A state judicial nominating commission in Charles County has sent to Gov. Robert L. Ehrlich Jr. the names of four residents for the county's District Court vacancy.

Twelve people applied for the $112,252-a-year position. The 13-member commission met Monday to interview the candidates before narrowing the list, which it made public Tuesday.

Ehrlich (R), who has not set a deadline for appointing a judge, plans to interview each finalist before making his selection, said Henry Fawell, a spokesman for the governor.

Nominations submitted to the governor were for Patrick J. Devine, Helen I. Harrington, John L. Keller and Thomas R. Simpson Jr.

Among the surprises, said people familiar with the applicant pool, were the omissions from the list of Del. W. Louis Hennessy (R-Charles) and Charles County Attorney Roger L. Fink. Commission Chairman William R. Greer Jr. did not return calls to his office seeking comment about the selection process, which is generally kept private.

Under the Maryland Constitution, the governor is responsible for filling open judgeships with a person who meets certain basic qualifications, including being a U.S. citizen, a Maryland resident and a member of the Maryland bar.

The state constitution also says that those selected for judgeships will be lawyers "most distinguished for integrity, wisdom and sound legal knowledge."

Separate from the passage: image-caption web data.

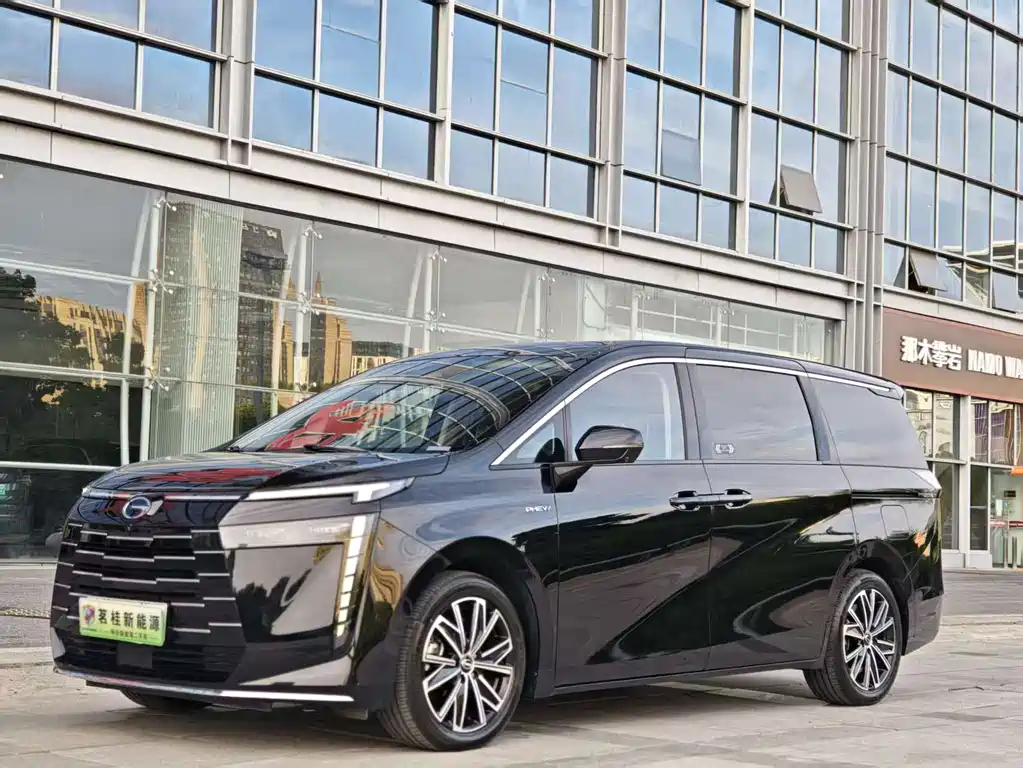 GAC Motor E8 PHEV 2024 — фото 1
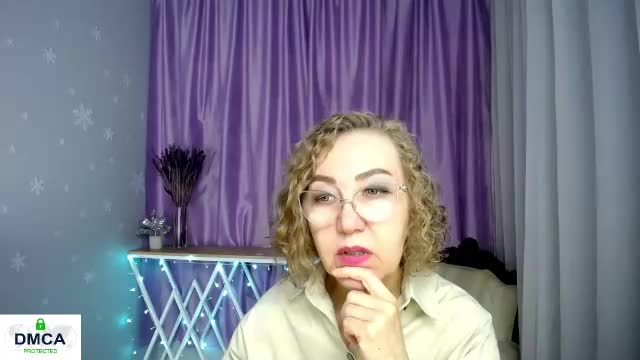 queen_a_n_i Adult Chat June 15, 2026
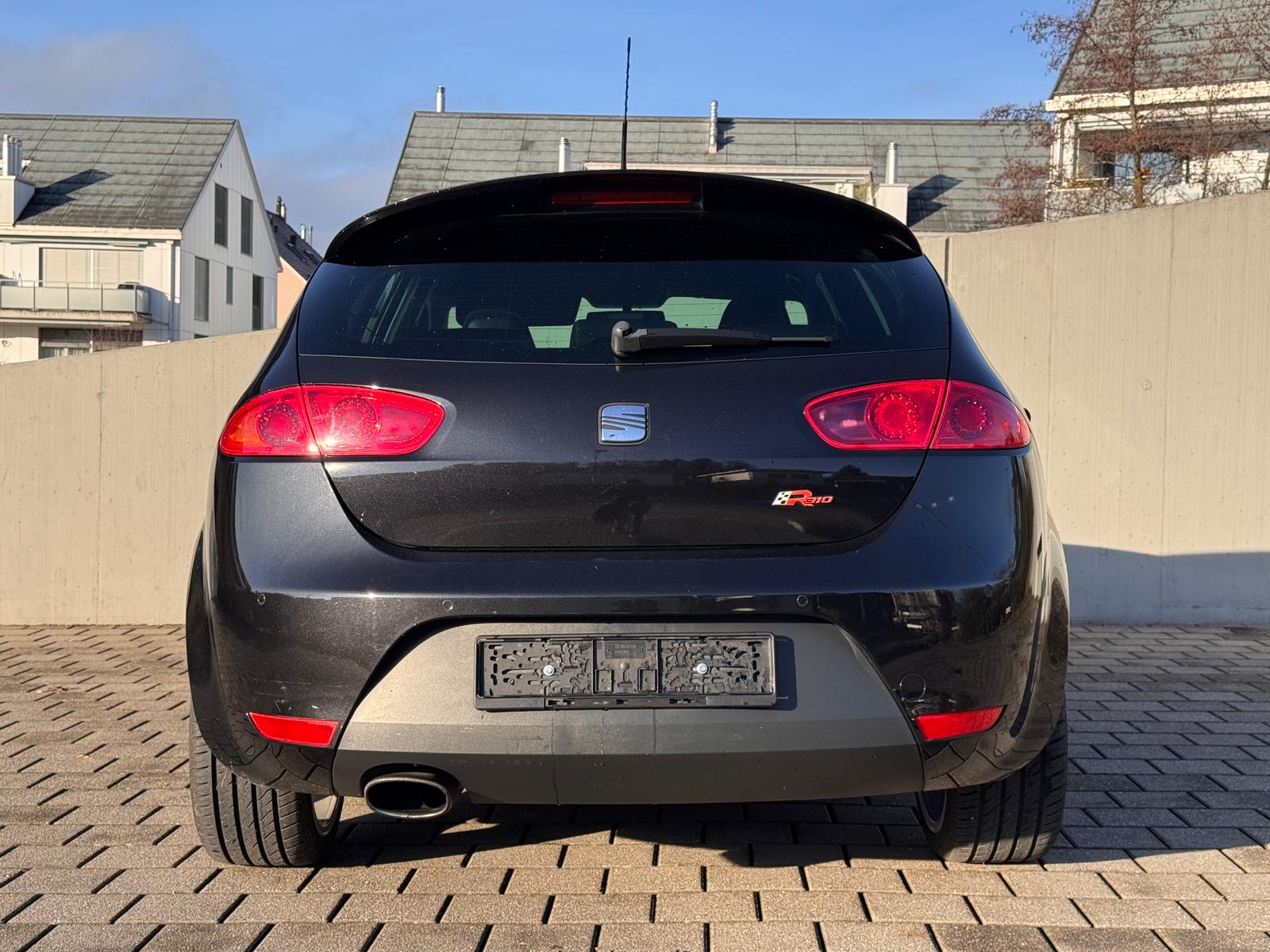 SEAT Leon 2.0 TSI Cupra R310 World Champion Edition-image-6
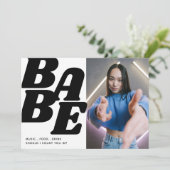 BABE ティーン写真付き誕生日招待状 招待状 (スタンド正面)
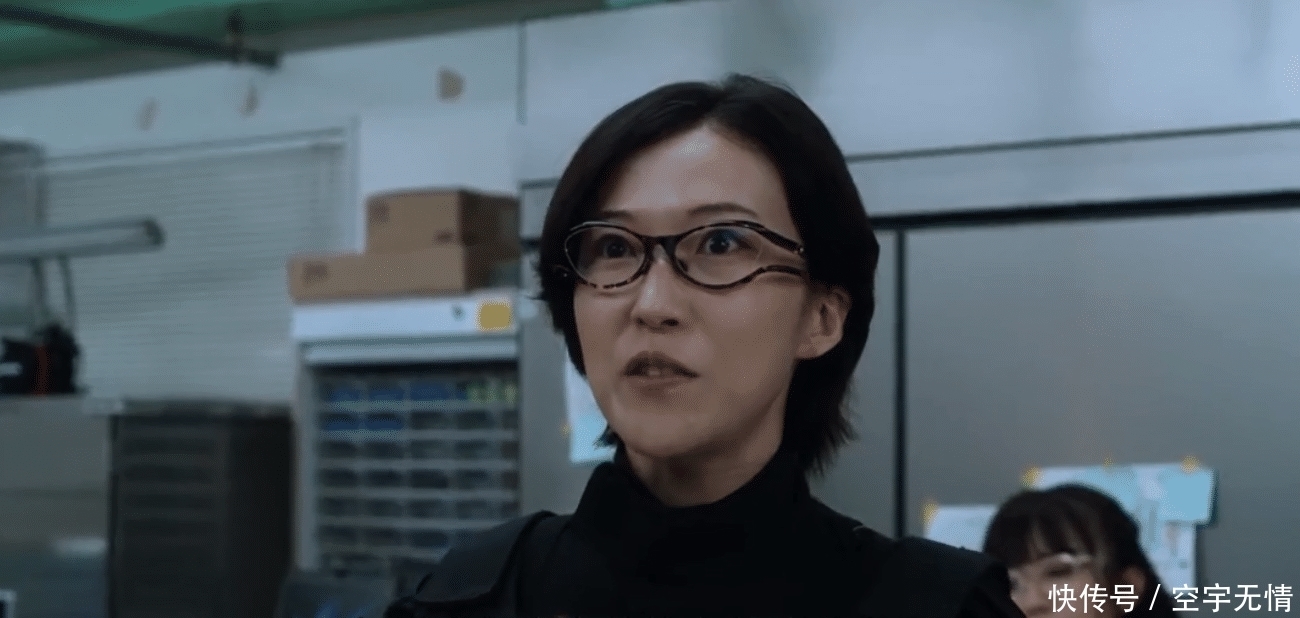 解散|泽塔奥特曼:防卫队借口军械库解散,想要得到奥特曼的光线数据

Since the retirement last month of Judge Gary S. Gasparovic, who served since 1989, the Charles County District Court has had only one sitting judge, Richard A. Cooper, said Rita Buettner of the state court information office in Annapolis.

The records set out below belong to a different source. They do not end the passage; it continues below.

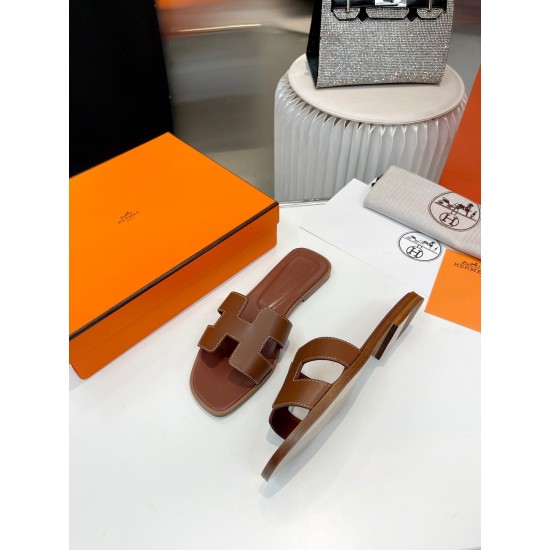 Hermes Slippers High Quality
Women 35-41
Men 39-45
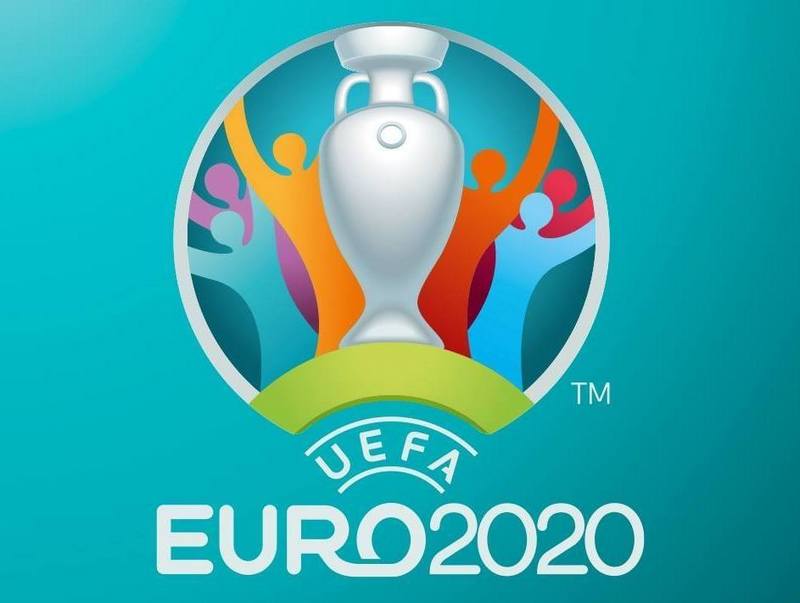 Europei di calcio rinviati al 2021
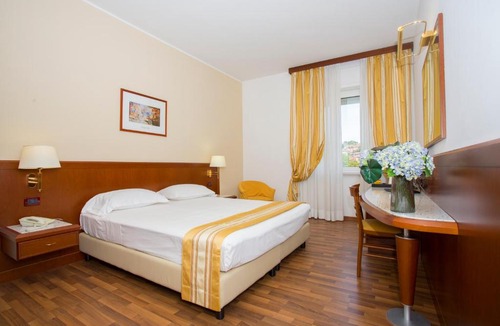 Roges Hotel | Hotel Europa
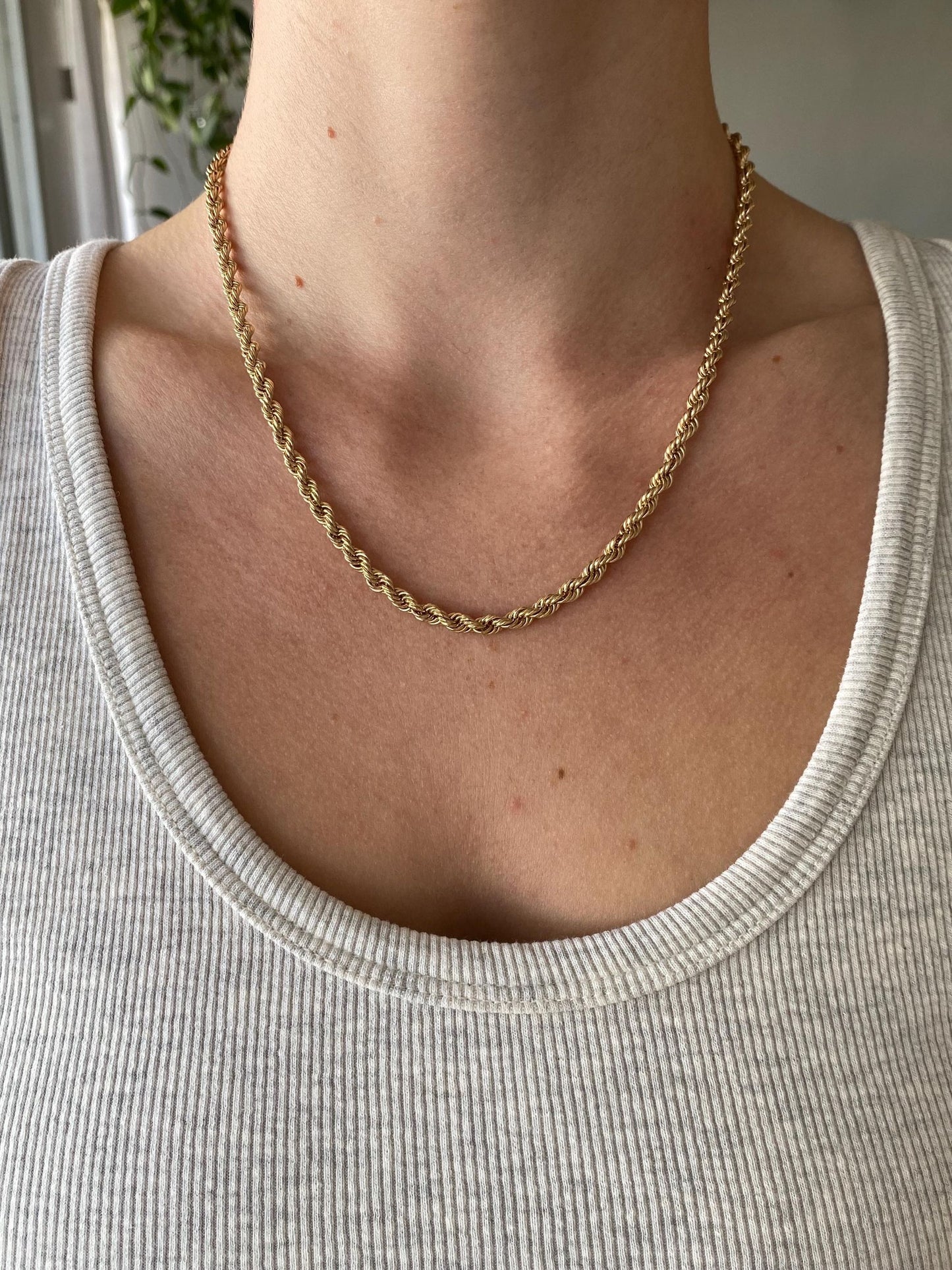 Vintage Solid 14k Yellow Gold Chunky Rope Chain Necklace - 18 inches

Cooper was appointed in 1997, the last time a District Court vacancy occurred in Charles County, Buettner said.

Among the finalists, Devine, 41, said he has been a lawyer in Charles County for 14 years. Devine, who is in private practice in La Plata, graduated from Catholic University's School of Law in 1989. He also worked for the Charles County state's attorney's office from 1990 to 1995, he said.

Devine said being a judge would be "an opportunity to be more involved in the legal community. And I enjoy the courtroom."

Harrington, 54, said she has been practicing law since 1980, after graduating from Georgetown University Law Center. She moved to Charles County in 1987 and was assistant state's attorney until 1992, she said.

Harrington was then appointed master for domestic relations, a judicial office at the Charles County Courthouse in which she conducts hearings on family law cases.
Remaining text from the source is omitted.